ANO1 can be regulated through mRNA–miRNA interaction. miR-381 was the target miRNA tested for the correlation in this study and our results suggest an inverse correlation between miR-381 and ANO1 expression. Inhibition or upregulation of miRNAs using synthetic inhibitors or mimic has been shown to be an effective approach rather than targeting upstream pathways to achieve endogenous regulation of miRNAs. In this study overexpression of miR-381 using a mir-381 mimic had a negative effect on ANO1 expression in Cd-exposed cells. This suggests that targeting miR-381 can serve as a regulatory mechanism for ANO1 (Fig. 4c).

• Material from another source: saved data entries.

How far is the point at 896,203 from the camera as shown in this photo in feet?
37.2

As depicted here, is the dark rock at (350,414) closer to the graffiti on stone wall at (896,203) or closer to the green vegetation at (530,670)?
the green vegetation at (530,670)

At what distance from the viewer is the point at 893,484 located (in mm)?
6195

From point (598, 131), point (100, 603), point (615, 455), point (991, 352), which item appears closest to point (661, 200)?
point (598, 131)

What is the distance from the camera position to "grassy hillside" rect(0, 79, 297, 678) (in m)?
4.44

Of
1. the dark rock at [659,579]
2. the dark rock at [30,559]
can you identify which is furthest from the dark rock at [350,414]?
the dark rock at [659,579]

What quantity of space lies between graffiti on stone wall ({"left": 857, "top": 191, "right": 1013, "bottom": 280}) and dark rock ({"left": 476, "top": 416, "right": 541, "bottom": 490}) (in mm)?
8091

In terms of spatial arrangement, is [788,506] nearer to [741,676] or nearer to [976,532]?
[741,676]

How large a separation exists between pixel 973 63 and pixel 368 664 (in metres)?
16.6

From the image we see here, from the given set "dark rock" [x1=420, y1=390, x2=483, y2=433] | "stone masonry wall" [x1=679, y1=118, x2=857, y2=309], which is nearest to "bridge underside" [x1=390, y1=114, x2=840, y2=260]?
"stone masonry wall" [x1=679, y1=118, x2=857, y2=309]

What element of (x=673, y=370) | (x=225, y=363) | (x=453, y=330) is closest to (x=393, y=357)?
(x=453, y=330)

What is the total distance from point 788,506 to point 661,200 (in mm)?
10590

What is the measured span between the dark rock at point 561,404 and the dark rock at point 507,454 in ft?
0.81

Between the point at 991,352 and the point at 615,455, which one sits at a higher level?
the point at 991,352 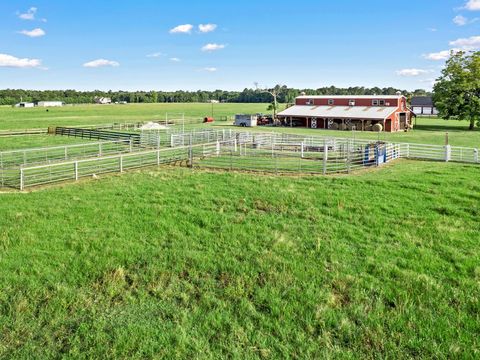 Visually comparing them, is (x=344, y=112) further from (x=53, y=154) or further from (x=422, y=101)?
(x=422, y=101)

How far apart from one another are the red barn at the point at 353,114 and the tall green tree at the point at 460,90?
176 inches

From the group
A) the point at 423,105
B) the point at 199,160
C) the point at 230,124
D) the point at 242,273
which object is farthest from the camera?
the point at 423,105

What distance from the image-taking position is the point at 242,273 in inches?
333

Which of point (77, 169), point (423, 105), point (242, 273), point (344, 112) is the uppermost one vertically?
point (423, 105)

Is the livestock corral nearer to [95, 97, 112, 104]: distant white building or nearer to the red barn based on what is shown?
the red barn

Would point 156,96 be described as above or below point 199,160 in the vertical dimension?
above

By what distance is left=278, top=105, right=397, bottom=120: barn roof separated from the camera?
5131 centimetres

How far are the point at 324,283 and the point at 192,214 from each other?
16.0 ft

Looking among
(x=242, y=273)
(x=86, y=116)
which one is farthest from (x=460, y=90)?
(x=86, y=116)

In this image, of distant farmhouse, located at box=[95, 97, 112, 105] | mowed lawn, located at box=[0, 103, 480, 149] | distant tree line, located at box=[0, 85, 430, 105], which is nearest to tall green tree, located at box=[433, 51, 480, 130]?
mowed lawn, located at box=[0, 103, 480, 149]

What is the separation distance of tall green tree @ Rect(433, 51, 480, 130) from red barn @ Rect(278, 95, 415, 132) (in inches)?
176

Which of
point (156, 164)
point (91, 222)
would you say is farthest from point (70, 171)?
point (91, 222)

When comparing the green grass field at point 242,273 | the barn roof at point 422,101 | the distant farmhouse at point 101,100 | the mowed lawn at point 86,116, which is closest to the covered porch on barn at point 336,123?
the mowed lawn at point 86,116

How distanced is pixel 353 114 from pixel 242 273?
47920mm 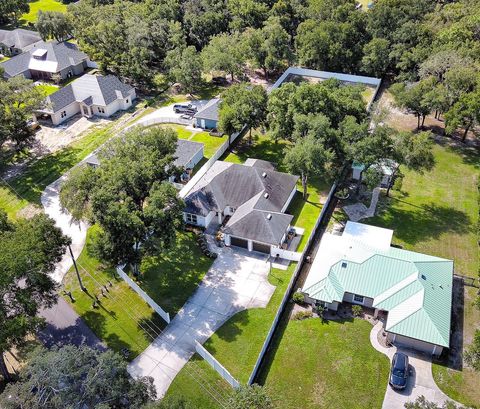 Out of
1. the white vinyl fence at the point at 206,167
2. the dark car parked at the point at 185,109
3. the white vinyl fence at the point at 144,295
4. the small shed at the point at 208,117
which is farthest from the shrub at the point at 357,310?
the dark car parked at the point at 185,109

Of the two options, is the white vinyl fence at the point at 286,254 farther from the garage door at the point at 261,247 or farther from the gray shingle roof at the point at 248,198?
the gray shingle roof at the point at 248,198

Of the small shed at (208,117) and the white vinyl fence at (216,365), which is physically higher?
the small shed at (208,117)

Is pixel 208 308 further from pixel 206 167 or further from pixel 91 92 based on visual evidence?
pixel 91 92

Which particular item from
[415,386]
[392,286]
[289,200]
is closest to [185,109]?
[289,200]

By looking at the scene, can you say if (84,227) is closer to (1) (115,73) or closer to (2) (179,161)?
(2) (179,161)

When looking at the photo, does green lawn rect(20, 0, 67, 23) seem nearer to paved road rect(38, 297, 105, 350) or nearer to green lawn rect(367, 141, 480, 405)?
paved road rect(38, 297, 105, 350)

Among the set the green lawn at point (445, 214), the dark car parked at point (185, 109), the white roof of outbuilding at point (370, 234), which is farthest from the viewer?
the dark car parked at point (185, 109)

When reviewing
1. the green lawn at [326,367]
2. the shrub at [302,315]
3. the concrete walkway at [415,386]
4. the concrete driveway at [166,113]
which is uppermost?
the concrete driveway at [166,113] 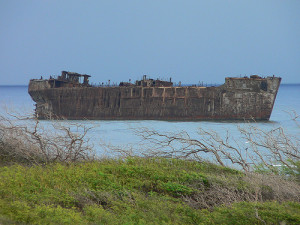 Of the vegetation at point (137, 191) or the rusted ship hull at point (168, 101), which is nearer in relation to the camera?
the vegetation at point (137, 191)

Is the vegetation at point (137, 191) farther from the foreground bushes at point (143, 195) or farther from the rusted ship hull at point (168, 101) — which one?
the rusted ship hull at point (168, 101)

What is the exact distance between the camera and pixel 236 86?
3155cm

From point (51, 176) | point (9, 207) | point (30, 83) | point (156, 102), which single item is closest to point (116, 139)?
point (156, 102)

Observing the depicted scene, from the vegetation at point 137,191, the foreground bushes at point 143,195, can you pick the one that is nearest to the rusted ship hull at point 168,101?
the vegetation at point 137,191

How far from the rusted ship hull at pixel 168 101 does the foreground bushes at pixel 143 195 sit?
2204 cm

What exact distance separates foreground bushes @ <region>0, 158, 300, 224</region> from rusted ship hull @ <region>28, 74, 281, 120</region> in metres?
22.0

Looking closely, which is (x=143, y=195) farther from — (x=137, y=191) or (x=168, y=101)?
(x=168, y=101)

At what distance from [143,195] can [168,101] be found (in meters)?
25.6

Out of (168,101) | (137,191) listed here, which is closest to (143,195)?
(137,191)

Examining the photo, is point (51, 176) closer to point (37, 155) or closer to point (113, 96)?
point (37, 155)

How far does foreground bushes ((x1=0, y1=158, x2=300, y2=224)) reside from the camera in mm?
6695

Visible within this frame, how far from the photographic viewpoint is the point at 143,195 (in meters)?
8.08

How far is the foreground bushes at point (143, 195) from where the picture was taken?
22.0 feet

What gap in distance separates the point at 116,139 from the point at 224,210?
21167mm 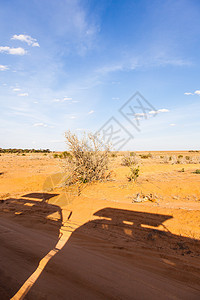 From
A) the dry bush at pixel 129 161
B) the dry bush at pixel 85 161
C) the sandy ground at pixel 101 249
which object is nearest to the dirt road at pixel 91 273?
the sandy ground at pixel 101 249

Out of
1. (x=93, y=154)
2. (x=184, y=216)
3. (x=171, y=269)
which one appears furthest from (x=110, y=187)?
(x=171, y=269)

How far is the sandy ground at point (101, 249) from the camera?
2.31 meters

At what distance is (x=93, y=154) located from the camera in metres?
9.28

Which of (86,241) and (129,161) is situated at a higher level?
(129,161)

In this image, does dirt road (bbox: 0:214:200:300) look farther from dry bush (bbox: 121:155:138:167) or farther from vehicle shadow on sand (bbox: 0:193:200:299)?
dry bush (bbox: 121:155:138:167)

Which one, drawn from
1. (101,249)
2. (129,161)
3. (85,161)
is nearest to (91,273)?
(101,249)

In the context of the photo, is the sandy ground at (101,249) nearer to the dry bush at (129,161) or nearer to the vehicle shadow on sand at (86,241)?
the vehicle shadow on sand at (86,241)

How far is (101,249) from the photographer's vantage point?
3.32 m

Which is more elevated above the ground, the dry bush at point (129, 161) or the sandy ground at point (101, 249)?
the dry bush at point (129, 161)

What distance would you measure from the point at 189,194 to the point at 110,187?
10.6 ft

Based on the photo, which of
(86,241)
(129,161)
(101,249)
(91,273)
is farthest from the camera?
(129,161)

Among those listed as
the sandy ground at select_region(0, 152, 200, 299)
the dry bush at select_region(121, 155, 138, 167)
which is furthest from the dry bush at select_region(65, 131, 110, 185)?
the dry bush at select_region(121, 155, 138, 167)

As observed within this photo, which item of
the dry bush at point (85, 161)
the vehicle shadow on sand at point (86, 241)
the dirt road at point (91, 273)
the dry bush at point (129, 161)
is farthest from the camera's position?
the dry bush at point (129, 161)

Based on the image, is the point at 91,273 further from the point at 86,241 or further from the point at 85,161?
the point at 85,161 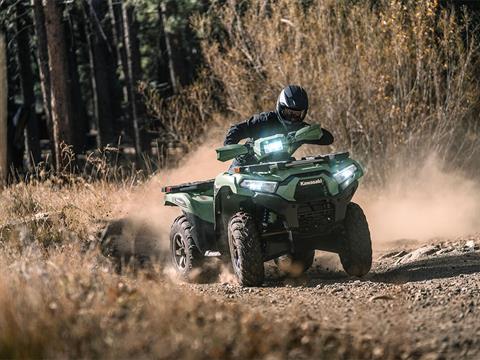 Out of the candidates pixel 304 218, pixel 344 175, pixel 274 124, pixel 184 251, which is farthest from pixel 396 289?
pixel 184 251

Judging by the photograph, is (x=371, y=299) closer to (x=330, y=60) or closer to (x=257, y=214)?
(x=257, y=214)

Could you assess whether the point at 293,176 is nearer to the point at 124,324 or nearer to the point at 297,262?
the point at 297,262

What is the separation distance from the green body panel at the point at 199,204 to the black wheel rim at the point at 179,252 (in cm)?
51

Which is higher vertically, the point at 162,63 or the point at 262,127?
the point at 262,127

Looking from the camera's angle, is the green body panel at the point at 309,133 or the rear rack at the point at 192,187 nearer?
the green body panel at the point at 309,133

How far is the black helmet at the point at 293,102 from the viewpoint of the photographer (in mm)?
10227

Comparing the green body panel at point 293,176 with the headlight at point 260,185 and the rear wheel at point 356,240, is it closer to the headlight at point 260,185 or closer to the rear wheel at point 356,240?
the headlight at point 260,185

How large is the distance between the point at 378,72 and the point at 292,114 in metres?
7.93

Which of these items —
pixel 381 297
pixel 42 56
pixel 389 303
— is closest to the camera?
pixel 389 303

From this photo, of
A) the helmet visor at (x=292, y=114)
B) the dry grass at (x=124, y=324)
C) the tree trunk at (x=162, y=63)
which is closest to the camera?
the dry grass at (x=124, y=324)

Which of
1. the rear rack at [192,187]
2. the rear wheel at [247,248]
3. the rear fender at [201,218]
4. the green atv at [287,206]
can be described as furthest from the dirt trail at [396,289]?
the rear rack at [192,187]

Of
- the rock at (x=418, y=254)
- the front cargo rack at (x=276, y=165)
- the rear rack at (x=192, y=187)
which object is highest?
the front cargo rack at (x=276, y=165)

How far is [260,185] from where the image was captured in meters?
9.65

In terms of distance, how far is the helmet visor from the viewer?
1033cm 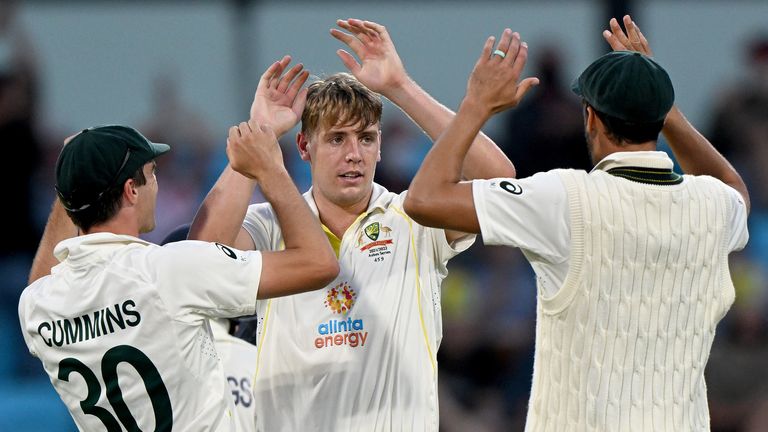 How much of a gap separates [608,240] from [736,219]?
0.61 meters

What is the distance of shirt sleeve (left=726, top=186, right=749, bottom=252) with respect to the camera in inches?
164

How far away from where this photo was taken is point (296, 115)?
15.2ft

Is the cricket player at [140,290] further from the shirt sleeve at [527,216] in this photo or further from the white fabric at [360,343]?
the shirt sleeve at [527,216]

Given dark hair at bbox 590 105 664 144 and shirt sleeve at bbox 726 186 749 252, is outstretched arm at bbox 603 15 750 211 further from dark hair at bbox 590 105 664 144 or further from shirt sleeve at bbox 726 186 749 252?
dark hair at bbox 590 105 664 144

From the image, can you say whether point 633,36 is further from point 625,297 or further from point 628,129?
point 625,297

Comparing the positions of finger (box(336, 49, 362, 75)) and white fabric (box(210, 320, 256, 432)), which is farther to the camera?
white fabric (box(210, 320, 256, 432))

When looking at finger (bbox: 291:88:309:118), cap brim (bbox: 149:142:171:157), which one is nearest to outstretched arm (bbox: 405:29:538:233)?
finger (bbox: 291:88:309:118)

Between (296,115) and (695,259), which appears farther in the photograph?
(296,115)

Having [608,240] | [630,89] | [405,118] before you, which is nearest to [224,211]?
[608,240]

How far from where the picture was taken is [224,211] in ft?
14.7

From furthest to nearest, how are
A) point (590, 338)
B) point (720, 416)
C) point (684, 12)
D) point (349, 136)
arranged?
point (684, 12) → point (720, 416) → point (349, 136) → point (590, 338)

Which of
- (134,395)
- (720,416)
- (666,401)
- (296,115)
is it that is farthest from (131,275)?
(720,416)

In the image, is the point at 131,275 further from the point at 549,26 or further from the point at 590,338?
the point at 549,26

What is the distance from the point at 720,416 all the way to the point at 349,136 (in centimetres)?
577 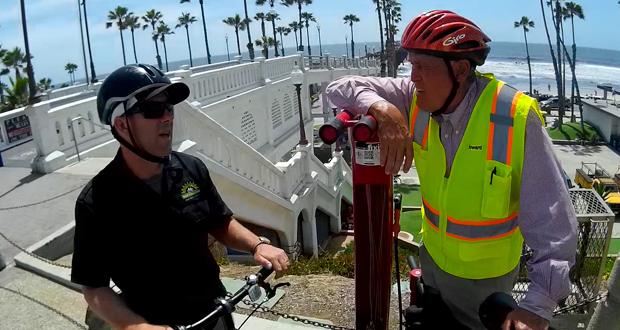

TGF-β signaling which has been extensively studied and reported to highly expressed and promote airway remodeling in asthma is also suppressed by an increased expression of miR-381. TGF-β promotes goblet cell transformation resulting in increased mucus production and secretion28. Knockdown of miR-381 increases epithelial cell proliferation with increased Ki-67 stained cells and intensity13. In gastric cancer induction of miR-381 expression suppresses differentiation of epithelial cells and reduces cell proliferation29. Our observations from experiments involving low-dose Cd-exposure of epithelial cells suggested a similar understanding that ANO1 is a direct target for miR-381 which is downregulated upon low-dose Cd-exposure (Fig. 4c). Thus, CS-induced Cd-toxicity may alter cellular homeostasis mechanisms at very low concentrations. Thus Cd-exposure in a person with an existing pulmonary condition can have an additive or adverse effect with increased susceptibility towards infections and environmental allergens and that miRNAs may act as potential therapeutic targets to be explored further in Cd-exposure and subsequent lung injury.